Order, Surrogate’s Court, New York County (Renee R. Roth, S.), entered July 29, 1985, which granted respondents’ motion to dismiss the petition for lack of subject *586matter jurisdiction, modified, on the law, to reinstate the petition and transfer the action to the Supreme Court, and as so modified, the order is affirmed, without costs.
We agree, essentially for the reasons stated by the Surrogate in her opinion (127 Misc 2d 894), that the instant case does not affect the affairs of the decedent or the administration of his estate, which were terminated by final decree in 1925. (See, Matter of Piccione, 57 NY2d 278, 288.) Accordingly, we affirm the order appealed from insofar as it gave legal effect to the court’s determination to decline jurisdiction under the particular circumstances herein presented. (See, Matter of James, 22 Misc 2d 1062, 1068, affd 284 App Div 936, affd 309 NY 659; cf.

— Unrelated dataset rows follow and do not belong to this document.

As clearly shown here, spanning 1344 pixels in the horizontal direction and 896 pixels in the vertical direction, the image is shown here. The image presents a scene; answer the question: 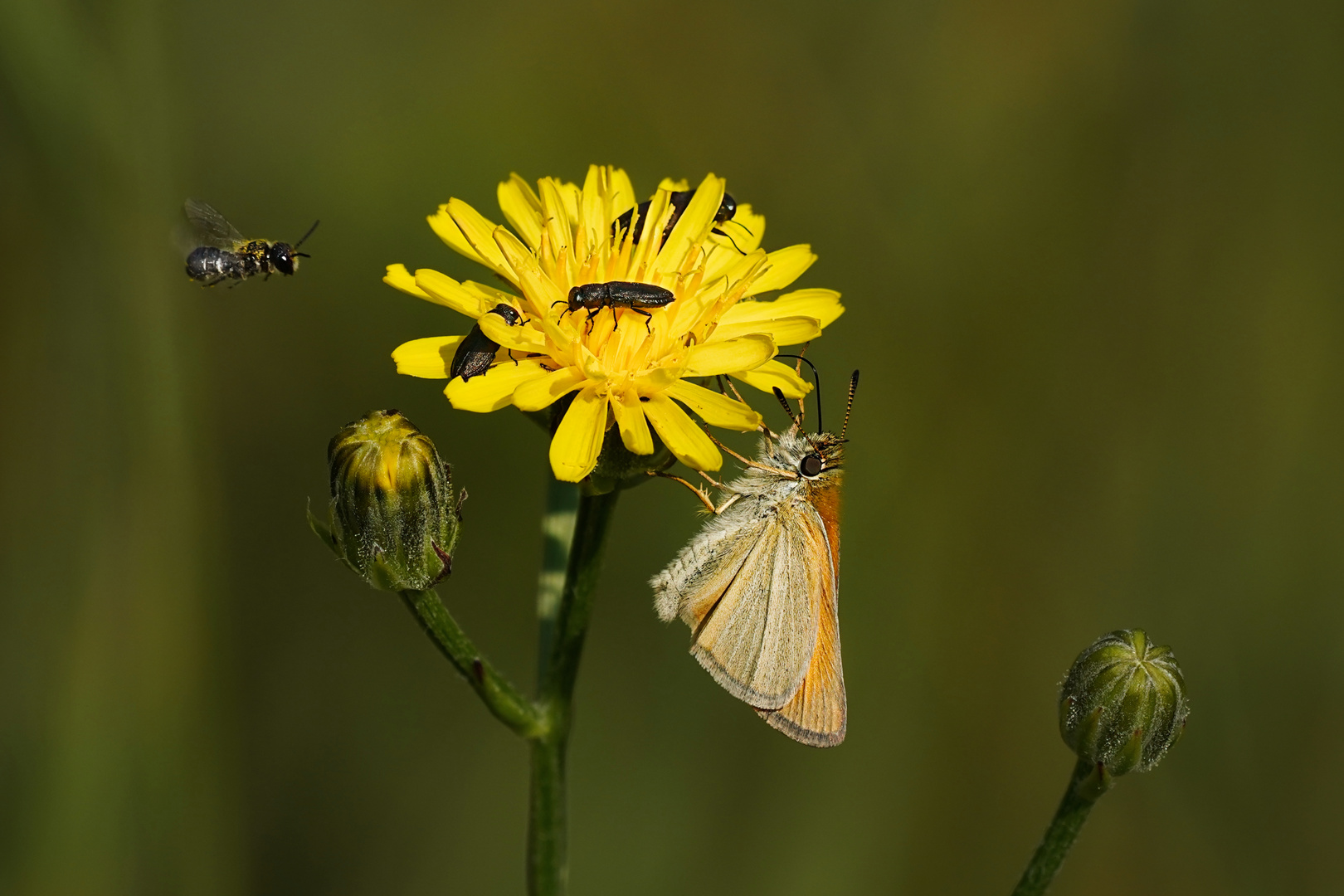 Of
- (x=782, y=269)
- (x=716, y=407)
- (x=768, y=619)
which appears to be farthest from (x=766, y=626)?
(x=782, y=269)

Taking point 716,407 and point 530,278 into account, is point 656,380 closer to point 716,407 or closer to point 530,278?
point 716,407

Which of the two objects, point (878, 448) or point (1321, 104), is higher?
point (1321, 104)

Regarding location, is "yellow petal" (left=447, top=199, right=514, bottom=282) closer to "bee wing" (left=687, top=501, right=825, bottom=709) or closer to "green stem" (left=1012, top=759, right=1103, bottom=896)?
"bee wing" (left=687, top=501, right=825, bottom=709)

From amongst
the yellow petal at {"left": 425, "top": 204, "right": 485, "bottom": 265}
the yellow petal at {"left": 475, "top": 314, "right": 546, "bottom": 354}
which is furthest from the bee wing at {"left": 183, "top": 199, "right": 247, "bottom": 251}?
the yellow petal at {"left": 475, "top": 314, "right": 546, "bottom": 354}

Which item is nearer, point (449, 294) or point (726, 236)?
point (449, 294)

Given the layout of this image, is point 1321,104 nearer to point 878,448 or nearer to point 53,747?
point 878,448

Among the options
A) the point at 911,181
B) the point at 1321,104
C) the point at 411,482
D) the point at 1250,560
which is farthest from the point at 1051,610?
the point at 411,482

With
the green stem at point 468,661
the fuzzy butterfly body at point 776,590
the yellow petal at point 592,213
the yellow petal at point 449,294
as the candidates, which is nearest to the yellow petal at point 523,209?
the yellow petal at point 592,213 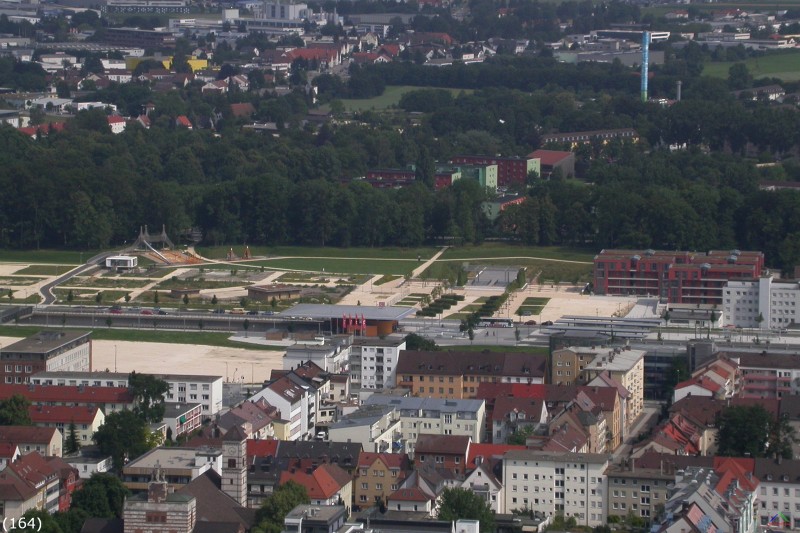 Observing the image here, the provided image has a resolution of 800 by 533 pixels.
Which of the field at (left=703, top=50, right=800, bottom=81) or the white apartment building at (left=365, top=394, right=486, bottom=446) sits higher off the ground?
the field at (left=703, top=50, right=800, bottom=81)

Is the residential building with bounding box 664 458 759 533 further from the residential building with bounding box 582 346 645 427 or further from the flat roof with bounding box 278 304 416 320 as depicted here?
the flat roof with bounding box 278 304 416 320

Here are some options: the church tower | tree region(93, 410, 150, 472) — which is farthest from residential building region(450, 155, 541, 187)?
the church tower

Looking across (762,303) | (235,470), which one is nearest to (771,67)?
(762,303)

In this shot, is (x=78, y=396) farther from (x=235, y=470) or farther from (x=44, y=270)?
(x=44, y=270)

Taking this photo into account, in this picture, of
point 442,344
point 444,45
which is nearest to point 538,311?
point 442,344

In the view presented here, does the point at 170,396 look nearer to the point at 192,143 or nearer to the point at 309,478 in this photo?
the point at 309,478

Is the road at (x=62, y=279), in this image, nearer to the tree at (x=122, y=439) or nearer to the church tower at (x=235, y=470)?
the tree at (x=122, y=439)

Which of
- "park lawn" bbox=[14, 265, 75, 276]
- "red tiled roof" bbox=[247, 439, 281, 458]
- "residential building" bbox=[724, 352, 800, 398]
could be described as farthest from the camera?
"park lawn" bbox=[14, 265, 75, 276] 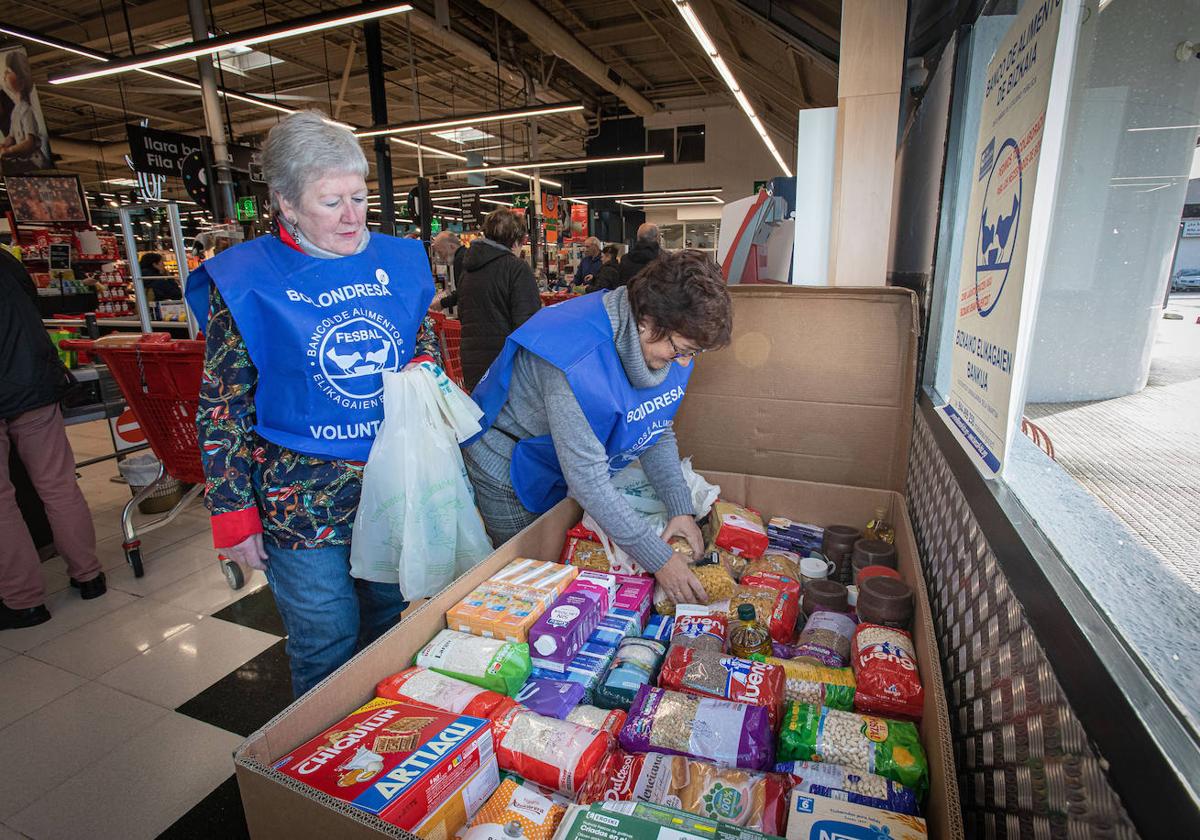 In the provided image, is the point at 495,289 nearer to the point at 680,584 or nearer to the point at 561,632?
the point at 680,584

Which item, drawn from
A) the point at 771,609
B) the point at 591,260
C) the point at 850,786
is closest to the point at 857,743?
the point at 850,786

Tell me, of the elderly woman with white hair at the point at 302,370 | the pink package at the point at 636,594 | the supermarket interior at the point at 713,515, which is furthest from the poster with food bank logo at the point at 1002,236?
the elderly woman with white hair at the point at 302,370

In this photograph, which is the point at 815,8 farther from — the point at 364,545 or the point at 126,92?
the point at 126,92

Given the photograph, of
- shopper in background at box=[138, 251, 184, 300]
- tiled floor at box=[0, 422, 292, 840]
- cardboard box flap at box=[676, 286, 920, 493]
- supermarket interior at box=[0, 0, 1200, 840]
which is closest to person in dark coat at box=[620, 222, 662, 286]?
supermarket interior at box=[0, 0, 1200, 840]

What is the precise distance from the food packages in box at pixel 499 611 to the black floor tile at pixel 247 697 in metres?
1.36

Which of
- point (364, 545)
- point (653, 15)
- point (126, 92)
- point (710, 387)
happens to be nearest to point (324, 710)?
point (364, 545)

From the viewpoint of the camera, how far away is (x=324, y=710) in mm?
985

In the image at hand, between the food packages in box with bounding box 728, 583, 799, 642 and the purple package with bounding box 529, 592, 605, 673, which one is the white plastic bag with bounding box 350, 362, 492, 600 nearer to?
the purple package with bounding box 529, 592, 605, 673

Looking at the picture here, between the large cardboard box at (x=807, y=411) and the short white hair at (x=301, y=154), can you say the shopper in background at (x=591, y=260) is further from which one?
the short white hair at (x=301, y=154)

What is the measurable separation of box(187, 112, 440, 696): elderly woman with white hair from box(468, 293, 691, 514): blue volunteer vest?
307 mm

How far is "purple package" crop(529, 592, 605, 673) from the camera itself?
4.00 feet

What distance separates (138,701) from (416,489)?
167cm

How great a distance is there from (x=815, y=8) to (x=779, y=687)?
17.3 feet

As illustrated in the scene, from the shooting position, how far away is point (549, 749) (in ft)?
3.22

Matter of Vanderbilt, 109 Misc 2d 914; Sims v Manley, 120 AD2d 405.)
We modify the Surrogate’s order insofar as it dismissed the petition rather than transferring it to the Supreme Court, Bronx County, pursuant to NY Constitution, article VI, § 19 (d), which provides: "The surrogate’s court shall transfer to the supreme court or the county court or the family court or the courts for the city of New York established pursuant to section fifteen of this article any action or proceeding which has not been transferred to it from any of said courts and over which the surrogate’s court has no jurisdiction.”
We observe that this disposition is in accord with a discussion of this case in a leading treatise (see, 10 Cox-ArensonMedina, NY Civ Prac-SCPA fí 201.06, at 2-50, 2-51). Concur— Mulphy, P. J., Sandler, Sullivan and Wallach, JJ.